Non ho mai voluto mostrare il mio dolore. Non ho mai voluto piangere di fronte a nessuno. Ce l’ho sempre fatta da solo. Sono nato solo, sono cresciuto solo e mi sono mantenuto da solo. Il pensiero che qualcuno possa curare le mie ferite scatena in me l’ira più rovente. Penso perché ーanzi, ormai ne sono quasi certoー rischierei di crollare, totalmente e per sempre.
Per questo, Caleb, ti prego di non continuare. Adesso basta, voglio che tu non mi dica più niente. Non dirmi quanto io sia importante per te, non dirmi che mi amavi. Sappiamo già che i rapporti sono caduchi e veicolati dal volto più orribile del nostro ego. Se io adesso crollo e tu mi raccogli, e fra qualche giorno, settimana, mese o anno scompari ancora nell’oblio, io non mi rialzerò più.
E’ uno dei bisogni più urgenti dell’essere umano, no?

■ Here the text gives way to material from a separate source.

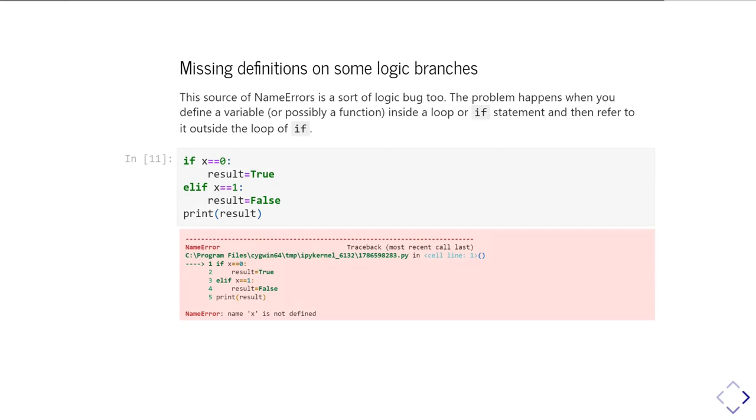And then if the elif tracks in, well x is not equal to one either. So the result is still not defined. And so you get to the end of that block of code and you end up with result not being defined because neither of those statements in the elif statement was triggered. And so there's a way through your logic that's resulted in the result not being defined.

Quello di non rimanere solo. Sì, io tengo a te, tu tieni a me, ma per quanto tempo andrà avanti così? Finché andrà. Poi tornerà tutto come prima. Poi tutto sarà da ricostruire. E, poi, di nuovo nascerà qualcosa, in un ciclo infinito di speranza e morte.
Lo prendo così com’è questo tuo sentimento. Lo pongo qui, accanto al mio, e va bene così. Senza esagerare, senza pretendere niente. Ho già visto troppe cose svanire nel nulla e io non voglio più prendermela.
Dimentichiamo tutto. Dimentichiamo l’astio, il rancore, le lacrime e il dolore. Anch’esse facevano parte di un ciclo, e chissà quante volte torneranno. Adesso non ci rimane altro che vivere.

Tiro sul col naso il muco del pianto. Le palpebre rosse trattengono tra loro le lacrime e, ancora, la figura della Stamberga in lontananza.
Mi alzo in piedi e ti tendo la mano.

«Per andare insieme verso una nuova avventura.»